OPERATION BRITISH

OPERATION BRITISH

PROLOGUE

«...C'est dans la seconde moitié du XXIè siècle que la Terre commença à rencontrer de sérieux problèmes de surpopulation et de surpeuplement tels qu'il devenait alors urgent d'y remédier. Alors que certains pays en voie de développement venaient juste d'entrer dans la seconde phase de la transition démographique, celle où le taux de croissance suit la chute du taux de mortalité pour se stabiliser, la population occidentale connaissait une nouvelle explosion démographique. Celle-ci était essentiellement stimulée par un contexte politico-économique et social enfin stabilisé après plus d'un siècle de crise et de conflits régionaux. Apporter une solution à ces problèmes. Ce fut là le premier défi imposé à la Fédération Terrienne, fruit de l'union politique entre tous les états mondiaux, union née dans la violence et la douleur, après quinze ans de luttes parlementaires, constitutionnelles... et armées.
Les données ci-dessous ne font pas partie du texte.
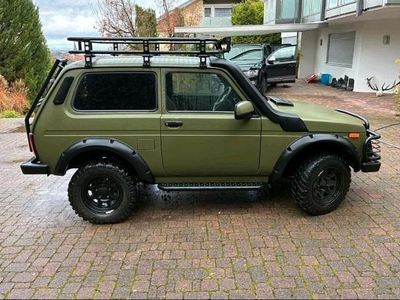Grün Gebraucht 2021 Lada niva SUV | 20.000 € (Teuer)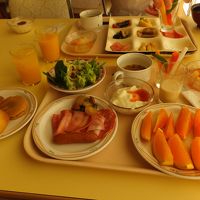 朝食。バイキング。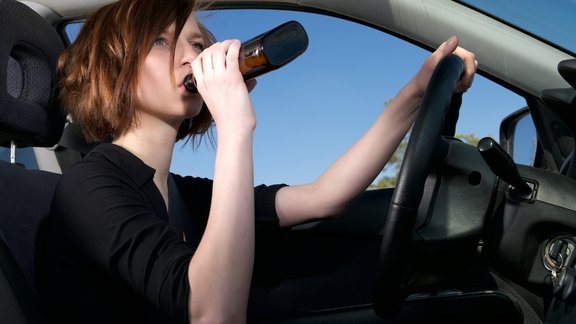 braukt dzērumā sieviete alkohols auto stūre promiles woman alcohol car driving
Les premières tentatives d'ordre médico-sociologiques s'avérèrent être des échecs : l'imposition de la pilule contraceptive, la légalisation de l'avortement ou encore les campagnes anti-natalistes obtinrent peu de résultats véritablement concluants, autant dans les pays du Tiers-monde que dans les pays industrialisés à majorité catholique. Comble de malchance, le spectre des maladies sexuellement transmissibles ayant été abattu au cours du siècle, l'utilisation du préservatif avait connu une baisse non négligeable... Plusieurs études gouvernementales furent alors entreprises et révélèrent ce que tous les sociologues savaient déjà : que toute tentative d'imposition d'un modèle d'hygiène de vie à des populations habituées à un autre serait voué à l'échec à moins d'opérer un changement radical dans les mentalités. L'unification politique avait donné lieu à des troubles sans précèdent dans l'Histoire, mais elle avait toutefois fini par aboutir. Or, à l'inverse, il était clair que l'Humanité n'était pas prête à accepter l'uniformisation des mentalités, autrement dit une standardisation sociale établie selon un modèle théorique, élaboré par une «élite», et qui de toute façon, se révélerait inadapté à la multiplicité de la race humaine.

Il ne restait alors plus qu'à chercher un autre type de solution : l'extension de l'espace habitable. Parmi les solutions proposées figurait en bonne place la colonisation des fonds-marins, solution hautement séduisante mais qui fut toutefois considérablement ralentie et limitée par les poussées écologistes et scientifiques qui réclamaient un contrôle strict et sévère. Les nouvelles cités sous-marines, au nombre de neuf réparties dans les cinq océans, ne purent même pas absorber un centième de la population mondiale, laquelle atteignait désormais les seize milliards. Il fut même question d'une possible colonisation du sous-sol terrestre, projet qui fut abandonné puis repris plus tard pour la colonisation lunaire.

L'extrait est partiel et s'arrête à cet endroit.